Apenas se sentó, comenzó a envolver un mechón de pelo alrededor del dedo índice; la cabeza algo ladeada y los ojos de humo y niebla perdidos en un punto misterioso. Cada tanto permitía que el mechón se desenroscara, lo acariciaba suavemente entre el pulgar y el índice y luego volvía a enrollarlo en su dedo. No se perturbaba por los gritos del guarda ni por la excitación de los niños recién salidos de la escuela ni por la gorda que protestaba ni por mi mirada fija en su persona.

De pronto, el colorido bolso bajo su pequeña palma comenzó a moverse. Una cabecita negra, puro bigote, asomó primero. Luego un cuerpo sedoso color azabache.

<<¡Un gatito!>> gritó un escolar.

Deseé que el incidente arrancara a la joven de su ensoñación, pero ella ni se percató. Haciendo tirabuzones con su mechón, su mano era el único engranaje en movimiento dentro de una maquinaria estática. Enroscaba. Desenroscaba. Otra vez. Y otra…

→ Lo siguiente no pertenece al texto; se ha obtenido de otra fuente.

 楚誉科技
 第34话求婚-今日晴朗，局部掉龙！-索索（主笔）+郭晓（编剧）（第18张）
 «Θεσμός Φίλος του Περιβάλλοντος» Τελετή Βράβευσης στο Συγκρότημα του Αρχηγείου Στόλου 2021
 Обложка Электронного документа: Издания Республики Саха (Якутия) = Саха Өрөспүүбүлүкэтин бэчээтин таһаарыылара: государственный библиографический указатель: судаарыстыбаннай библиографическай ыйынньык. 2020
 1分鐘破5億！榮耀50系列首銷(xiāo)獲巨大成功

El gatito ronroneaba mientras los niños lo pasaban de brazo en brazo. A un pelirrojo pecoso le pareció divertido tirarle de la cola. El gatito aumentó de tamaño y saltó sobre el hombro de una mujer. Aterrada, ésta profirió un agudo chillido. La joven continuó inmutable.

Repentinamente, el gato se transformó en una reluciente pantera. Los pasajeros, presos del pánico, comenzaron a gritar. Se empujaron. Se pisotearon. Intentaban, despavoridos, huir con el ómnibus en movimiento. Frente a la puerta de emergencia, un veterano, blandiendo su paraguas, increpó duramente a la chica,. La gorda quejosa, trepada sobre el respaldo de un asiento, repetía , histérica. <<¿A quién se le ocurre traer semejante bicho?>>

La chica continuó sin emitir sonido. Miraba sin ver por sus ojos de humo y niebla y su mano continuaba el movimiento mecánico con el mechón de pelo. El ómnibus se vació.

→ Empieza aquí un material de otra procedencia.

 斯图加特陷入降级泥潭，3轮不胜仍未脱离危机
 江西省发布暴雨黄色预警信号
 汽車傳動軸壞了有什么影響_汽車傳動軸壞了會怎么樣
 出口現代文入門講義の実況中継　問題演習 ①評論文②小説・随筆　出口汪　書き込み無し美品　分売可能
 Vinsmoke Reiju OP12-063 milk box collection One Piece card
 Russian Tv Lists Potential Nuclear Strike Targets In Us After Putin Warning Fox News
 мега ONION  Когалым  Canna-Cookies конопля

Unas cuadras más adelante el vehículo se detuvo y el guarda gritó: <<¡Destino!>>. La muchacha movió sus ojos buscando a la pantera. Sus ojos se hicieron verdes, refulgentes, de pupila alargada. La pantera comprendió. Dejó de pasearse elegantemente de asiento en asiento y comenzó a acercarse a la chica por el pasillo, haciéndose cada vez más pequeña a medida que se le aproximaba. Pronto fue un gatito minúsculo. Al fin, apenas un punto negro de cola larga, se trepó en su índice y desapareció en las oscuras hebras enroscadas. La chica liberó su mechón, recuperó sus ojos de humo y niebla y se bajó.